SUPPLIED DATA:
□ □ □ □
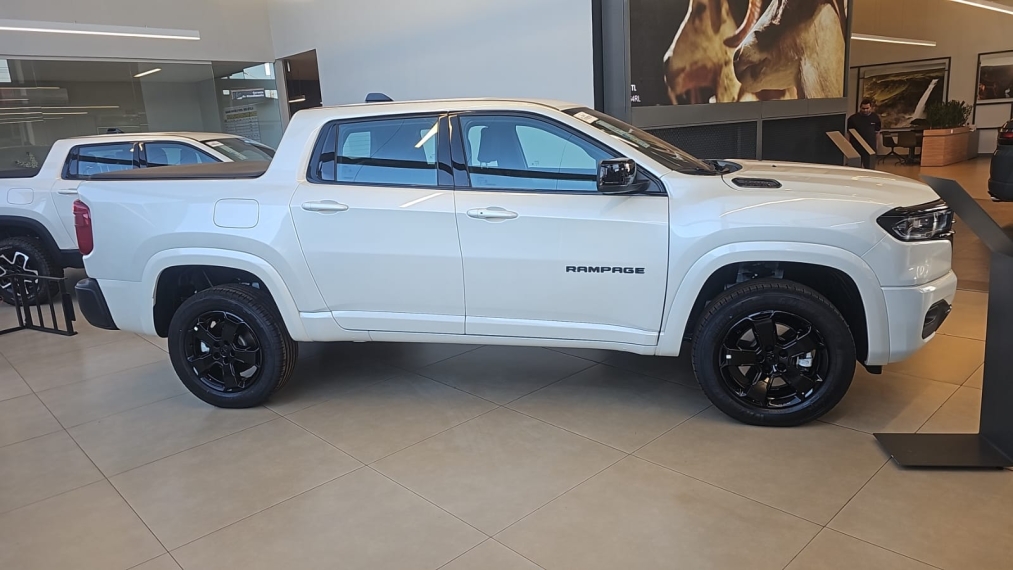 rampage laramie 2.0 gas - nigth edition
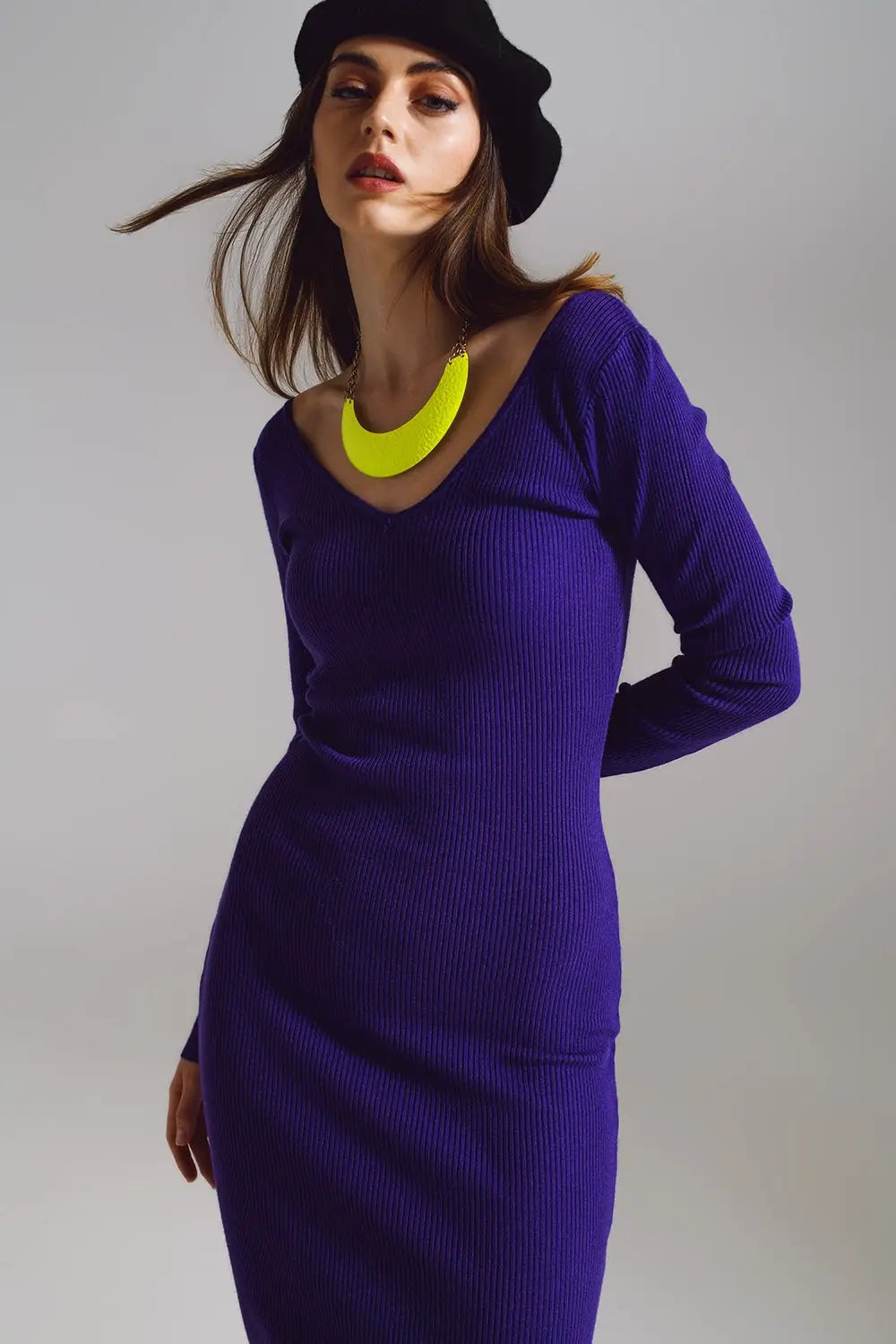 Bodycon Midi Knitted Dress With V-neckline in Purple - PURPLE / ONE - Dresses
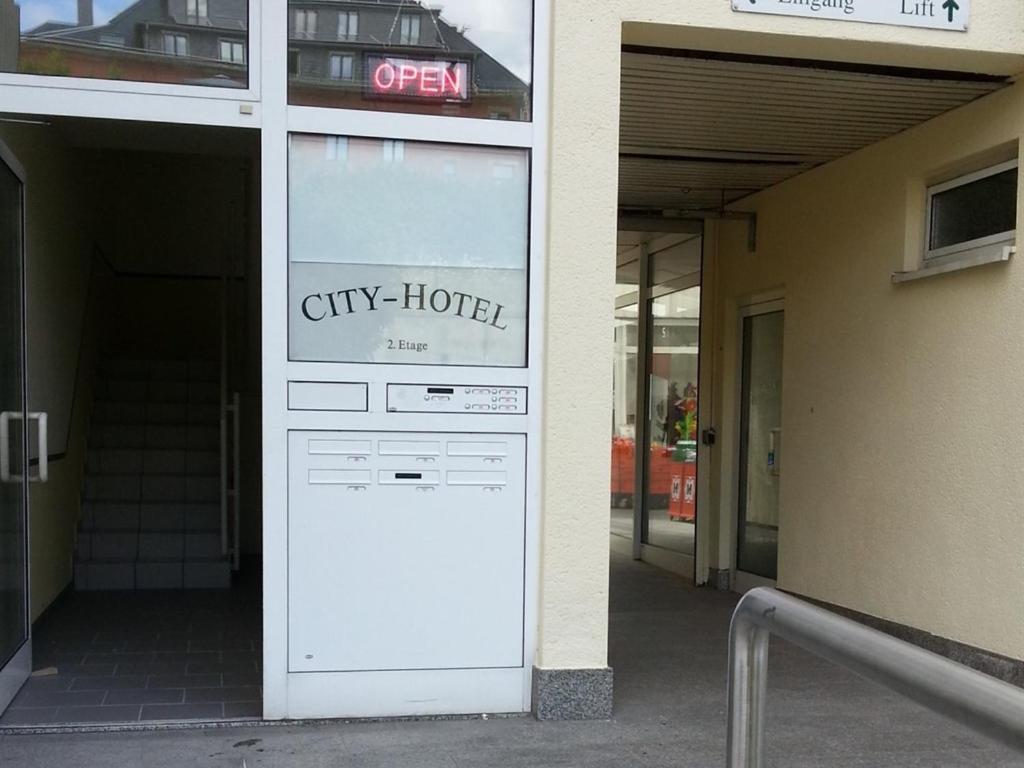 City Hotel Bauer Limabach - Oberfrohna Εξωτερικό φωτογραφία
□ □ □ □
TASK DETAILS:
All lines from the one containing "Bodycon Midi Knitted" through the end of the data are to be written out exactly, with nothing added; skip the pictures.

RESULT FOR THIS EXERCISE:
 Bodycon Midi Knitted Dress With V-neckline in Purple - PURPLE / ONE - Dresses
 City Hotel Bauer Limabach - Oberfrohna Εξωτερικό φωτογραφία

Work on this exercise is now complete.